11.2.11

582 - Olga morreu na fila

Adão e Eva de Lucas Cranach

Olga morreu na fila
Paulo Heuser

Olga cumpriu o ritual. Ela nasceu numa casa comum de uma família comum, era mais ou menos honesta, ia à missa de quando em vez, cumprimentava os vizinhos, pagava os impostos e consumia. Fruto da típica família da classe média. O fato é que Olga não cumpria igualmente esses deveres da classe média e dava ênfase ao consumo. Não qualquer consumo, ela consumia avidamente as quinquilharias tecnológicas da moda. As colunas sobre eletrônicos passaram a ser seu habitat. Enquanto os seus amantes sentiam prazer, Olga fingia alcançar o gozo carnal. Ela movimentava-se mecanicamente, enquanto um turbilhão de gigabytes, megapixels e interfaces girava em torno de algum ponto perdido no teto, onde seu olhar se encontrava. Foi bom para ti também? Foi, meu amor, foi – ela mentia. Quando o amante dormia, Olga escorregava dos cetins e entrava madrugada frente ao monitor comprado na semana anterior e deixava-se flutuar pelas páginas das lojas virtuais dos provedores de serviços tecnológicos.

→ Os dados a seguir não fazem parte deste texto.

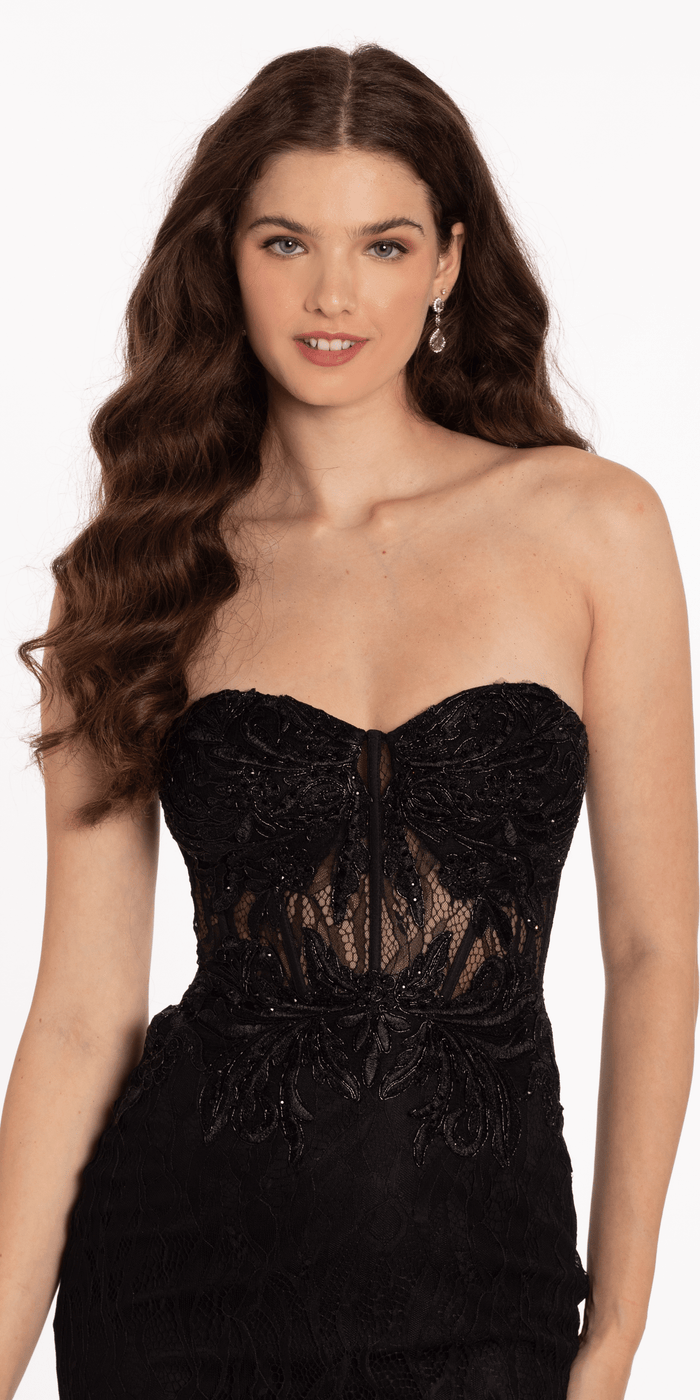 black/size/4/missy/Camille La Vie/Lace Sweetheart Corset Bodycon Dress/close up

Olhava para o seu iMaçã 4® e sentia o prazer sufocado pela crescente noção de perda. Pudera, havia rumores sobre o iminente lançamento do iMaçã 5®. O que faria, até lá? O iMaçã 4® já não lhe dava a mesma satisfação que sentiu até os sete minutos decorridos da sua compra. Deixar-se-ia seduzir por outro gadget qualquer? Não, era uma questão de status. Havia de ser aquele que levava a marca do Pecado Original®. Seria a opção entre o Céu® e o Purgatório®. E pensar que ainda havia gente morrendo na fila à espera desse que lhe escorria pelas mãos em direção ao implacável obsoletismo. O tempo até que não havia sido tão cruel com Olga, pelo menos era o que sugeria a sucessão de candidatos à sua frívola paixão. Olga não se deixava seduzir pelos sussurros e pelos toques sutis. Cedia, por vezes, apenas para saciar alguma necessidade carnal inconsciente. Contudo, o único toque que a levava ao êxtase era o toque daquelas pequenas maravilhas.  
Por fim, Olga morreu na fila de espera pelo iMaçã 5®. Foi o fim de uma vida pontuada por quase êxtases. Sempre quase.

Em tempo, iMaçã 4® e iMaçã 5® são marcas registradas de Maçã Inc, Céu® e Purgatório® são marcas registradas de Deus e Pecado Original® é marca registrada do Demo.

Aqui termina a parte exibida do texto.